Then one morning I got up and my lower back - on the right side - was extremely sore and fatigued and feeling like if I wasn't very careful it was going to go out. Again, as the day would go on, I would loosen up but holy carp, the mornings were really hard and it was extremely difficult to even want to do my 4:30 am running. Oh, and my left foot started feeling like it was getting a bad case of plantar fasciitis. This is the foot that has the neuroma so if that was flared up too you can imagine what trying to take a normal step felt like, much less running. Good grief! However, I was close to going away on vacation so I gritted it out because I knew I'd get some rest. For me, vacation has always been an exercise optional time. There is a season for everything and that includes rest. I take one outfit but if I don't use it I don't care nor do I feel guilty. As I've never been one to have a difficult time restarting exercise, I am perfectly fine with 'vacating' everything.
Unfortunately, after a full week of rest I came home pretty discouraged - everything was still achey and I was starting to feel like the real problem might be originating in my back - on both sides. Gah. Though I gave it a good try, I had a very difficult time getting back into my routine. It's hard to get up at 4 am and be raring to go when you hurt from head to toe. After two weeks at home, I took off again to visit Little Helen and decided to once again take the time I was away as a rest period. Mind you, we did a ton of walking while I was there and by the end of that trip the tugging in the leg was becoming less and less, though the foot issue seemed to be getting worse.
When I returned home after Memorial Day, I began my normal exercise routine and what do you know all the issues began to flair up again. I guess I'm getting the message that the left side of my body is pretty unbalanced and I'm going to have to get with some sort of doctor. This whole situation has been quite frustrating and discouraging!

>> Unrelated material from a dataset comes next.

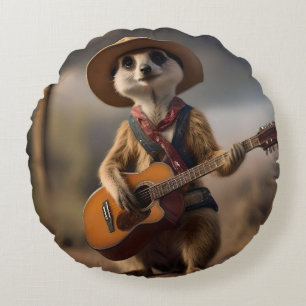Melodies of the Savanna A Meerkat Guitar Serenade, Round Cushion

For the time being, I am rolling, icing, and getting Mr. Helen to massage my sore foot. I also decided to try to stick with the treadmill as much as I can to give myself a softer surface until some of this stuff calms down. That has actually been easy as it has been grey and dreary and raining and cold. Yep, cold. 48 degrees overnight, for example.

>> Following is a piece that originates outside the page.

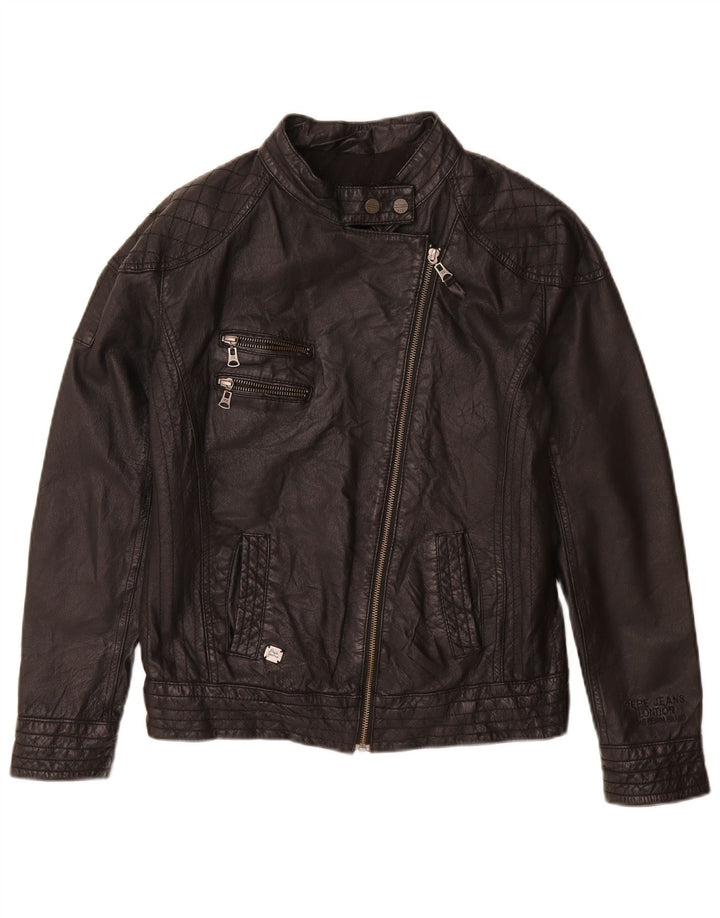 PEPE Jeans Damen Leder Bikerjacke UK 14 Mittelschwarzes Leder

I am in deep love with my Zero Scale. Never thought I'd say that about a scale but it's true. This tool has completely kept me from worrying and agonizing about my weight. I jump on, see progress (or don't!) and for the most part it doesn't affect my mood in regards to my weight.
Still, I haven't been using it very much as during most of the month of May as I was away on vacation and in vacation mode, which means I give myself a break from the scale and food tracking. It doesn't mean I allow myself to go completely off the rails but I will say a little more pasta was consumed than I would normally partake of. Delicious pasta is not Paleo or Primal or anything that should be eaten in quantity unless one is training for a marathon or some other such endurance event, which I am not.
I also have a long term goal to be at that size when my friend Em gets married in October. I think it's going to require me to lose around 15 more lbs., so really I've only gotten around halfway through the weight loss I need to get to my size goal and now it's time to get down to brass tacks.
I've always admired Lori's habit of setting monthly goals. Somehow they seem more reasonable and reachable than trying to attack a big mountain. As May wound down I sort of cooked up a plan and I started a personal challenge on June 1. My goal in June is to lose 6 pounds. That weight I want to lose already feels less overwhelming and totally doable by October... assuming I don't vacate too much between now and then!